I’m a single man. I haven’t yet found my love, and I’ve not spent a great deal of time trying. But as I write these words, there’s a certain ache in my heart, and my bed looks empty. Who knows what the future might bring, for us all.

Do you talk dirty non-stop when you’re with your partner?

No. There are a few reasons for that.

Firstly, this is a fantasy – it’s an invitation to indulge in some audio filth which wouldn’t work if I didn’t say anything! Dirty talk is necessary but I try and make it inclusive and empowering as well. Secondly, it’s a performance. It’s not real life; it’s a creative endeavour aimed to stimulate and inspire, but it’s certainly an attempt at artistic expression as much as everything else. Thirdly, I’m British! We’re notoriously prudish. Doing this helps me to break out of my mould, as I think we all should when the time is right. It allows me to re-define myself and let loose in an anonymous, albeit public way.

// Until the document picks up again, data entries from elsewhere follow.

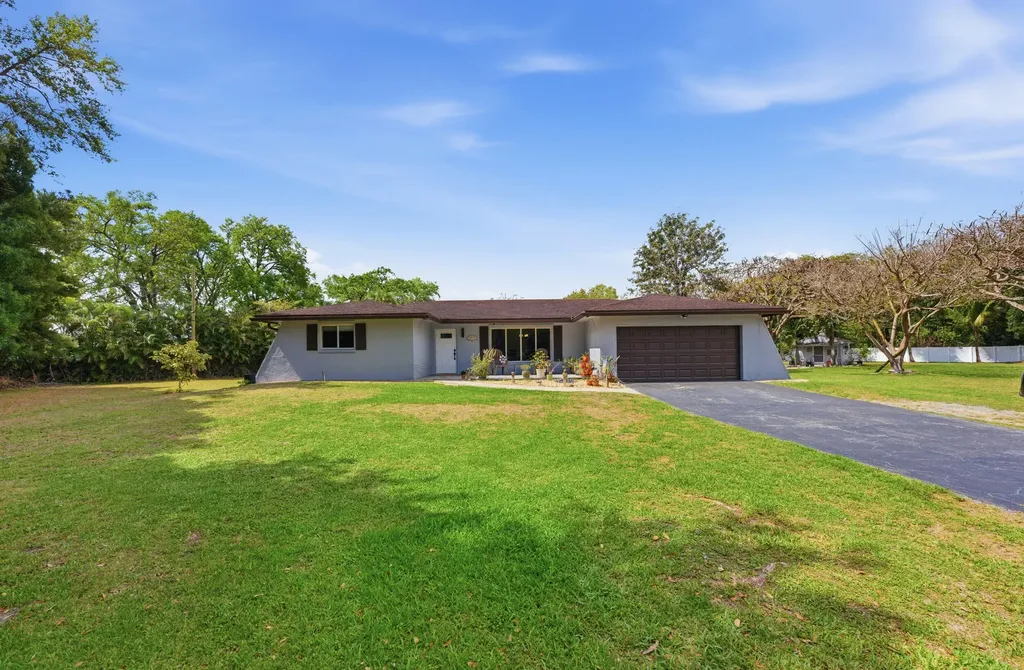 14290 SW 31st Court Davie FL 33330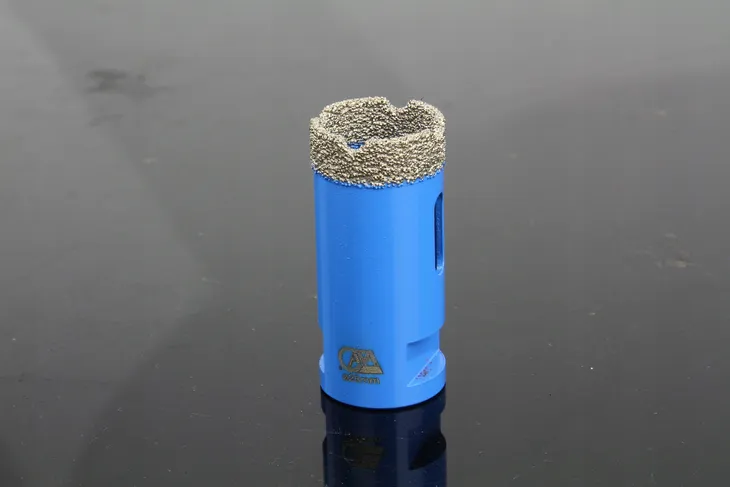 zestaw-otwornic-diamentowych-do-gresu-6-68-el-zastosowanie-beton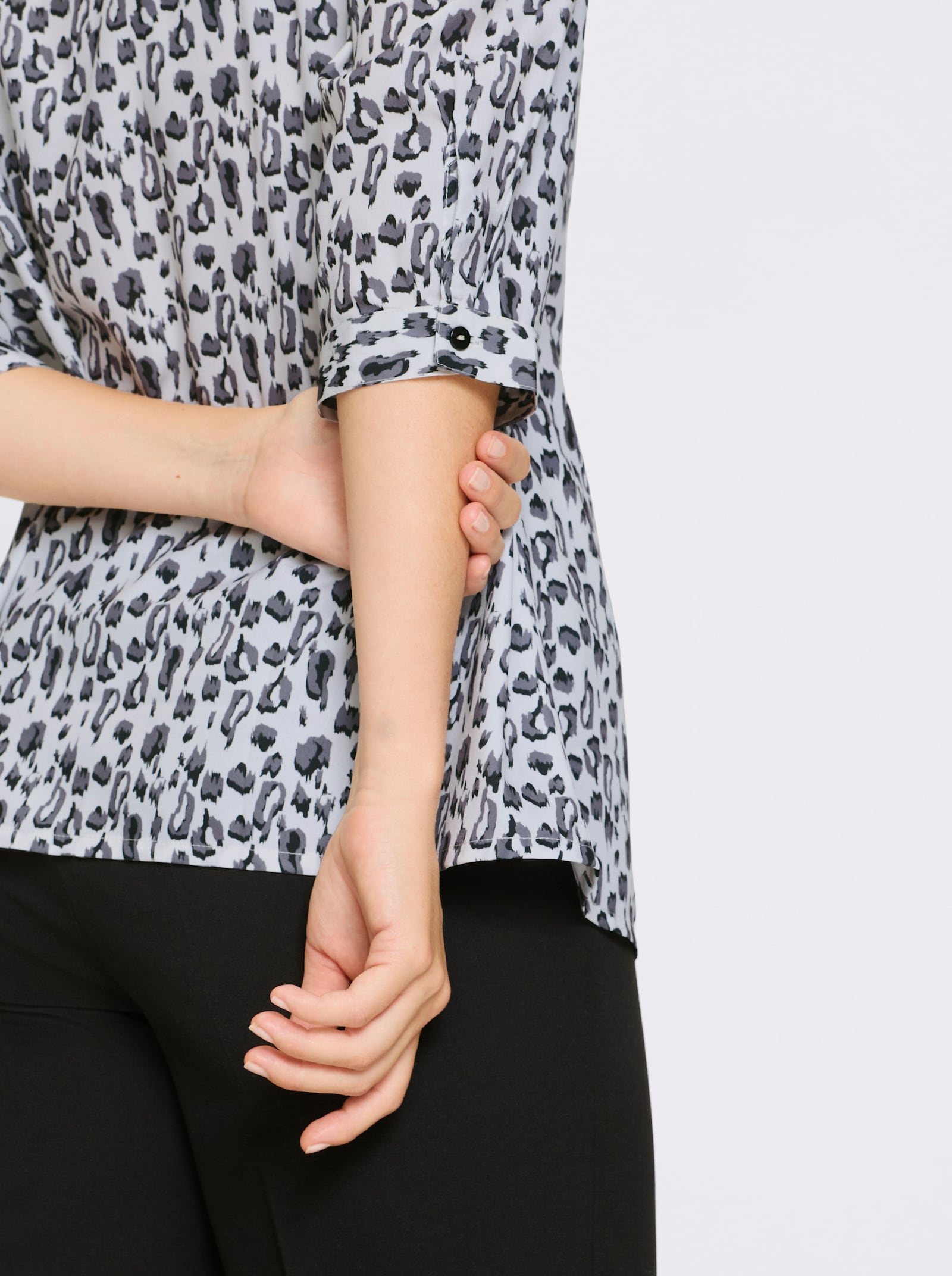 Longbluse im Leo-Muster - ecru-graphit-bedruckt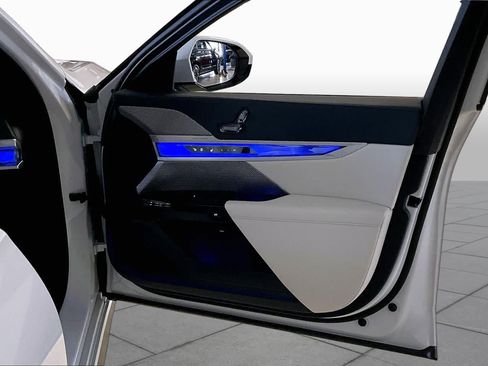 Used 2024 BMW i7 eDrive50 w/ M Sport Package RWD image 21
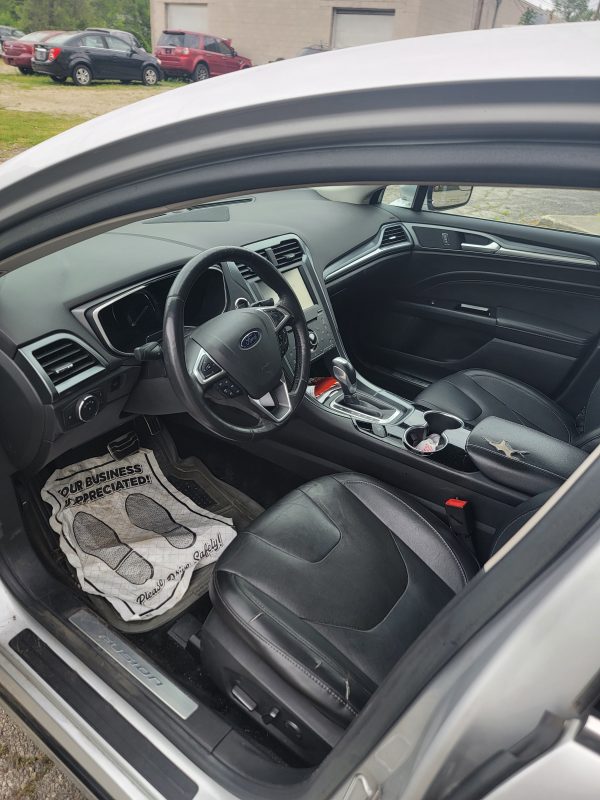 2015 Ford Fusion Titanium - Image 9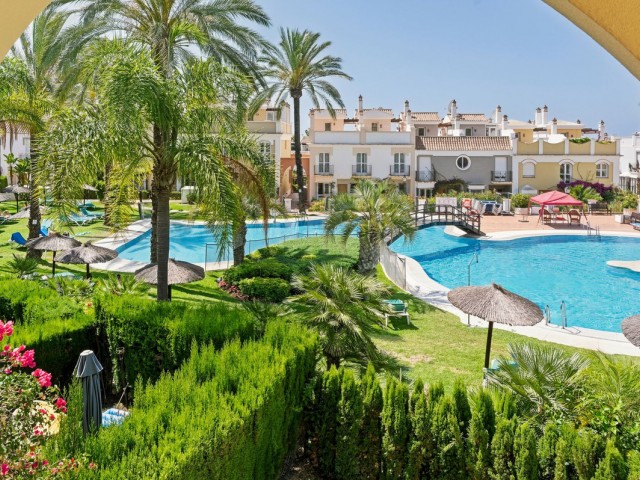 3 Makuuhuoneen Rivitalo Bahía de Marbella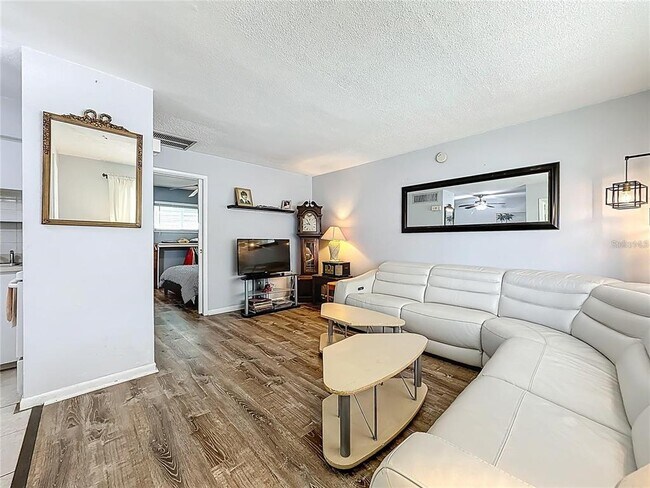 Photo - 250 Rosery Rd NW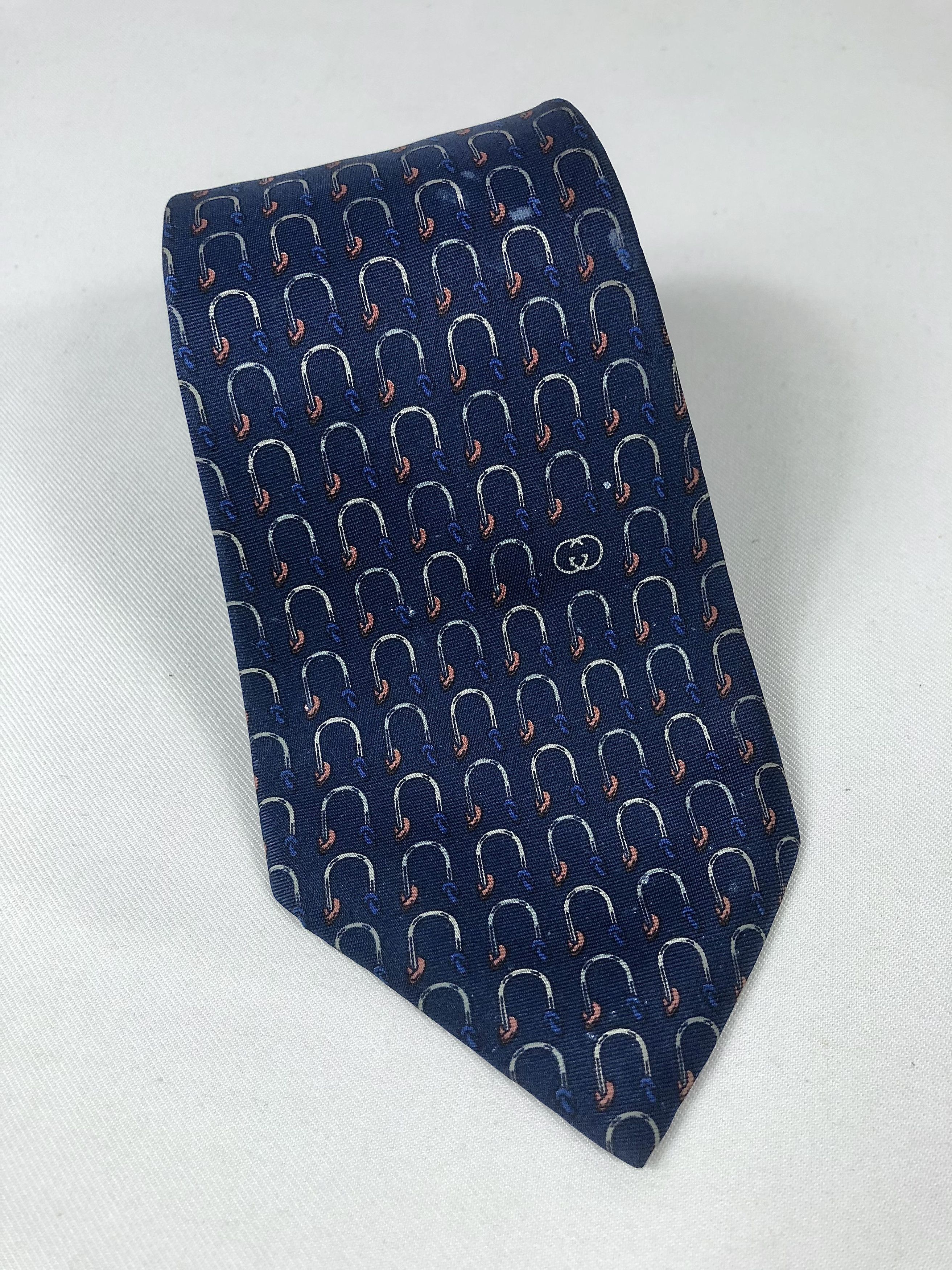 Gucci Rare Vintage Gucci Silk Tie Made in Italy Size ONE SIZE - 1 Thumbnail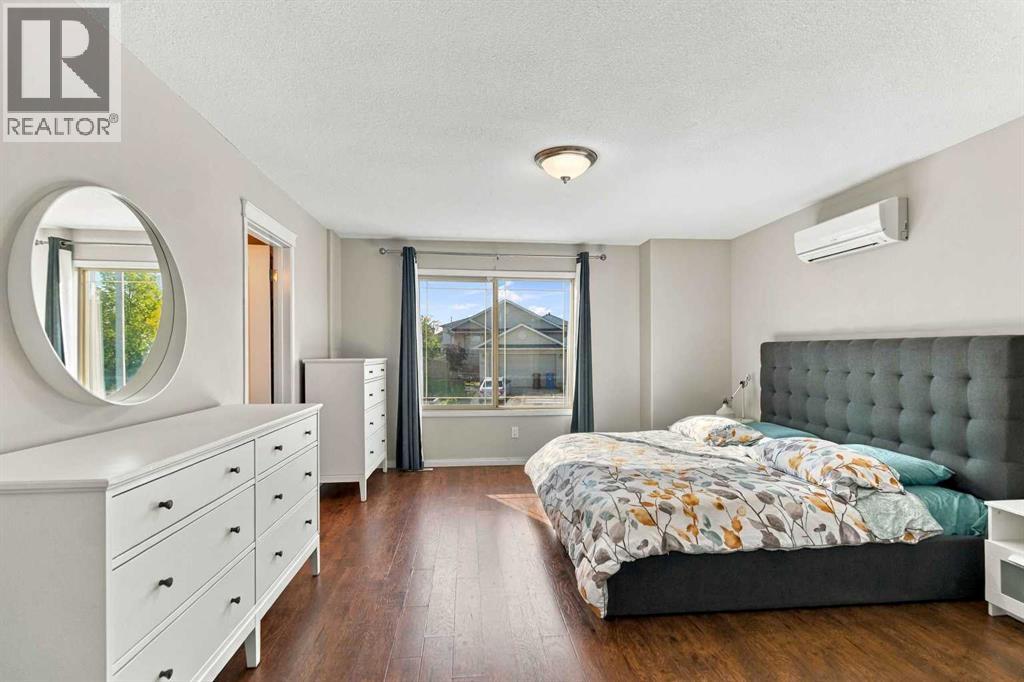 236 Paris Crescent - 14
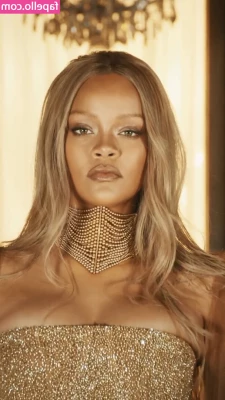 Rihanna - a big white cumload going in Nikki s pussy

There’s more to it than that, though. In real life, ideal relationships are mutual.

My ideal partner – still out there, somewhere – wouldn’t want to hear me babbling on during sex, but would just appreciate the expression and liberty of being somebody open to throwing in a few dirty remarks and filthy questions from time to time.

In turn, I’d love to hear my partner tell me what they like, and enjoy engaging with me on that level, but most of all, there would be an unsaid connection; a joining of spirits and a synchronising of souls that would transcend words and bring about the most mind-blowing orgasm of all. Or something.